In [1]:
from IPython.display import display
import math
import mpmath
from nbmetalog import nbmetalog as nbm
import os
import sympy


In [2]:
nbm.print_metadata()


context: ci
hostname: bd28f571e2ee
interpreter: 3.8.10 (default, May 26 2023, 14:05:08)  [GCC 9.4.0]
nbcellexec: 2
nbname: mildest_extrema_popsize_estimator_expected_value
nbpath: /opt/hereditary-stratigraph-concept/binder/popsize/mildest_extrema_popsize_estimator_expected_value.ipynb
revision: null
session: 43544a01-ee12-4f66-8057-6e860fb1333b
timestamp: 2023-11-05T01:04:00Z00:00


IPython==7.16.1
keyname==0.4.1
yaml==5.3.1
mpmath==1.2.1
nbmetalog==0.2.6
sympy==1.5.1
re==2.2.1
ipython_genutils==0.2.0
logging==0.5.1.2
zmq==22.3.0
json==2.0.9
ipykernel==5.5.3


# Goal

Derive the expected value for the mildest extrema estimator for population size $\hat{n}_\mathrm{mue}$.


# Derivation

From [mildest_extrema_popsize_estimator.ipynb](mildest_extrema_popsize_estimator.ipynb), we have

$$
\hat{n}_\mathrm{mue} = \frac{
    \log \Big( - \frac{1}{2}^{1/k} + 1 \Big)
}{\log( \min(x_1, x_2, ..., x_k) )}.
$$

where $p(x_i) =  k nx_i^{n-1} \Big(1 - x_i^n \Big)^{k-1}$ for $x_i \in [0,1]$ and $p(x_i) = 0$ otherwise.

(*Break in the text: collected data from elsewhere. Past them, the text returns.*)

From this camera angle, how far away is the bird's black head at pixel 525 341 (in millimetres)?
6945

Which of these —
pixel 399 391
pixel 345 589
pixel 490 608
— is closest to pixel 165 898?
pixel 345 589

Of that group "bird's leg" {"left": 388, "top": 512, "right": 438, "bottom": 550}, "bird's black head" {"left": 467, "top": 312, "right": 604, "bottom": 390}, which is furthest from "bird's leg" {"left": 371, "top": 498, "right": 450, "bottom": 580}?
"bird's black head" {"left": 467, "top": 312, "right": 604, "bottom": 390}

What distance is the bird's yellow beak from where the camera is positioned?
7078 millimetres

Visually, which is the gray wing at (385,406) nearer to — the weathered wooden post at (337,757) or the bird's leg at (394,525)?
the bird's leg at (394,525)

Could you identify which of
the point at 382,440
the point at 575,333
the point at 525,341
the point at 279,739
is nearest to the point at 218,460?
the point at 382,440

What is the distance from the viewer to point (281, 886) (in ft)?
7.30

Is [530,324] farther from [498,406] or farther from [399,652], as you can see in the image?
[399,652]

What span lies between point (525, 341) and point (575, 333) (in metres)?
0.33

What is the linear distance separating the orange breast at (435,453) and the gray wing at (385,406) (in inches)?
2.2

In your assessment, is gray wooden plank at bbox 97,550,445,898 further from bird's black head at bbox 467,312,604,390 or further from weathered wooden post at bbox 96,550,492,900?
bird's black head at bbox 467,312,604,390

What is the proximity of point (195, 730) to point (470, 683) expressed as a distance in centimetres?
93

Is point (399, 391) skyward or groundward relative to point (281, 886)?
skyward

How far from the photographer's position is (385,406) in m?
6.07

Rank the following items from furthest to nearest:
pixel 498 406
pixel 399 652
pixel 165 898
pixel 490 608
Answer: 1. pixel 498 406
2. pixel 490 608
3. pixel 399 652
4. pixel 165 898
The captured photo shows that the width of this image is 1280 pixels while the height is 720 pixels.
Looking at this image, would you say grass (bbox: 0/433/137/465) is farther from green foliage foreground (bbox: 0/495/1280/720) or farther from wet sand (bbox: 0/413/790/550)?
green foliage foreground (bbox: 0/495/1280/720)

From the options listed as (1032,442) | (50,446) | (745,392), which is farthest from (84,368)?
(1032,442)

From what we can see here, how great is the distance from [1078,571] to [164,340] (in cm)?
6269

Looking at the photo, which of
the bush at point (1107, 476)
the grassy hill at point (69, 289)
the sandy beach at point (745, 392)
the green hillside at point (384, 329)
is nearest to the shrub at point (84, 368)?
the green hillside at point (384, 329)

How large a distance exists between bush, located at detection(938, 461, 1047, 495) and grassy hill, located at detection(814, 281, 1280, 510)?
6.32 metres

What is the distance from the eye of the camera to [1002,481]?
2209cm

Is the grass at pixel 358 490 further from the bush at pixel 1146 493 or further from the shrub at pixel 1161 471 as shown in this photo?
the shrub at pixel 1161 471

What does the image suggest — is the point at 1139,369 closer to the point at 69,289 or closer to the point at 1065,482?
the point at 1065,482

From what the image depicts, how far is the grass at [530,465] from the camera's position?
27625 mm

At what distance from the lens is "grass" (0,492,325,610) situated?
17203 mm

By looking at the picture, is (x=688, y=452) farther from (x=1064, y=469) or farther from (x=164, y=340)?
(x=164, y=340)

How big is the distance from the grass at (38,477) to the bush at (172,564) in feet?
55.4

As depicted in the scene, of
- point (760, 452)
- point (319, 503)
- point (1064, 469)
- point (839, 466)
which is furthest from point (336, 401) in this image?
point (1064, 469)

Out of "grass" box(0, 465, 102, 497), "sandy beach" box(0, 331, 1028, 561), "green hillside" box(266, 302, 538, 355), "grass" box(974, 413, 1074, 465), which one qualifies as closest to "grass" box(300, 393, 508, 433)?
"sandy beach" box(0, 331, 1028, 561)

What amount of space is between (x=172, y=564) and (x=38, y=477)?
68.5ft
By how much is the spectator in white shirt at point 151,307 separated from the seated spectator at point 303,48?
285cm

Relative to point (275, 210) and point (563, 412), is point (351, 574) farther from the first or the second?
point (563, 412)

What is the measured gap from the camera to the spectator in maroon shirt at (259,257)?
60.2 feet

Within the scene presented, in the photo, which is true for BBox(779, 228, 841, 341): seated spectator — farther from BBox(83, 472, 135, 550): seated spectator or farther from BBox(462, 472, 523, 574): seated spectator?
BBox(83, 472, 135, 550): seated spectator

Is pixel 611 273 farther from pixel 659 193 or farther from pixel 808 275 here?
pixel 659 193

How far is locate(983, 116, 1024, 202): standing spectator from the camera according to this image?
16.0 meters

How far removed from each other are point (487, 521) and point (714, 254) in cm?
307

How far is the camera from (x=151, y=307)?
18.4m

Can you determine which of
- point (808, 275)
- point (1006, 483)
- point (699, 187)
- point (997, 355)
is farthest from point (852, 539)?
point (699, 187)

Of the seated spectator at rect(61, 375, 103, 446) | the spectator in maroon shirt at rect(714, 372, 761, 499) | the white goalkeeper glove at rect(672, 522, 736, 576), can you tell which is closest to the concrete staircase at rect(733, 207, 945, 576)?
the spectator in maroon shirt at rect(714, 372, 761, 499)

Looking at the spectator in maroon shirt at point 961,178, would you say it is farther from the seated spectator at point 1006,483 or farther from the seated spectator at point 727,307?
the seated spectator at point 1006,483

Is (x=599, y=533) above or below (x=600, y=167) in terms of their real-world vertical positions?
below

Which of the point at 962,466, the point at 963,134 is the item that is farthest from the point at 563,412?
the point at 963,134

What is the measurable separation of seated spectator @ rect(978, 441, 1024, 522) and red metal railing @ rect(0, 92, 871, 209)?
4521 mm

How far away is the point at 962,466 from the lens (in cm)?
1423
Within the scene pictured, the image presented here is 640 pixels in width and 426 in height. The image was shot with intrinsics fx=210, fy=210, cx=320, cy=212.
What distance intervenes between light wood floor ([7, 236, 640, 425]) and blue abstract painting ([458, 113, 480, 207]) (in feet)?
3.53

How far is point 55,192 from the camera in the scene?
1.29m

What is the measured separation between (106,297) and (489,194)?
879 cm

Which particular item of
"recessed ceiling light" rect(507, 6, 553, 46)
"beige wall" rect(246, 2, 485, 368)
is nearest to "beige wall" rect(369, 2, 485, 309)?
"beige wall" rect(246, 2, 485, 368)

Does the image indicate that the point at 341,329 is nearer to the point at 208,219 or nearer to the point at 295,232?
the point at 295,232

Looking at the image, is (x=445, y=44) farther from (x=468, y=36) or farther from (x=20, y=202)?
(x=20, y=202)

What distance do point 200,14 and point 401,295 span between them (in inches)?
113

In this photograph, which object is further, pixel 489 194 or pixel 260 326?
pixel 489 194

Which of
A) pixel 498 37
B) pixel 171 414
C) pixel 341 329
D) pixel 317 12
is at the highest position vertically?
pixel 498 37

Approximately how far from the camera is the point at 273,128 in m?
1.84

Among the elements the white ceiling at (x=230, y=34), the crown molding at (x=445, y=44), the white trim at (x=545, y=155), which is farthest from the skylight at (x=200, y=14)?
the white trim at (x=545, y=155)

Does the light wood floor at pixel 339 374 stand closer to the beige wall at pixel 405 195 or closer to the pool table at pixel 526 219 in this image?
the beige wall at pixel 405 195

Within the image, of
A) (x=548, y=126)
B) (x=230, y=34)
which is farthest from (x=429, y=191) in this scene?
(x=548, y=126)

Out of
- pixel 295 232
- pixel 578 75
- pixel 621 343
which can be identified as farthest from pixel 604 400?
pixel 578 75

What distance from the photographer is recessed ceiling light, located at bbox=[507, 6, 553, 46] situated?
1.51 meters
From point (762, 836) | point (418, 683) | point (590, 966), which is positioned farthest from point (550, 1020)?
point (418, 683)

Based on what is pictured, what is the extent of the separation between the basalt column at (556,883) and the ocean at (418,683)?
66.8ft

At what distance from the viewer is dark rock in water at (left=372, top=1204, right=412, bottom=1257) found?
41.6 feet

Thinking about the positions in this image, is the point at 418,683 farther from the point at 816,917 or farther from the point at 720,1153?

From [mildest_extrema_popsize_estimator.ipynb](mildest_extrema_popsize_estimator.ipynb), we also have

$$
p(x_\min) =
k n x_\min^{n-1} \Big(1 - x_\min^n \Big)^{k-1}.
$$

Working from the definition of expected value,

$\begin{align*}
E(\hat{n}_\mathrm{mue})
&= E \Big(\frac{
    \log \Big( - \frac{1}{2}^{1/k} + 1 \Big)
}{\log( \min(x_1, x_2, ..., x_i) )} \Big)\\
&= E \Big(\frac{
    \log \Big( - \frac{1}{2}^{1/k} + 1 \Big)
}{\log( x_\min )} \Big)\\
&= \int_0^1 \frac{
    \log \Big( - \frac{1}{2}^{1/k} + 1 \Big)
}{\log x_\min } \times k nx_\min^{n-1} \Big(1 - x_\min^n \Big)^{k-1} \, \mathrm{d}x_\min\\
&= k n \log \Big( - \frac{1}{2}^{1/k} + 1 \Big) \int_0^1 \frac{
1
}{\log x_\min } \times x_\min^{n-1} \Big(1 - x_\min^n \Big)^{k-1} \, \mathrm{d}x_\min\\
&= k n \log \Big( - \frac{1}{2}^{1/k} + 1 \Big) \int_0^1 \frac{
x^{n-1}
}{\log x } \Big(1 - x^n \Big)^{k-1} \, \mathrm{d}x.
\end{align*}$

To derive a general form for the integral at hand, we will use computer algebra to test the first few terms and then extrapolate.


In [3]:
def compute_integral(*, k: int,) -> sympy.Expr:

    x = sympy.Symbol('x', nonnegative=True, real=True,)
    n = sympy.Symbol('n', nonnegative=True, real=True,)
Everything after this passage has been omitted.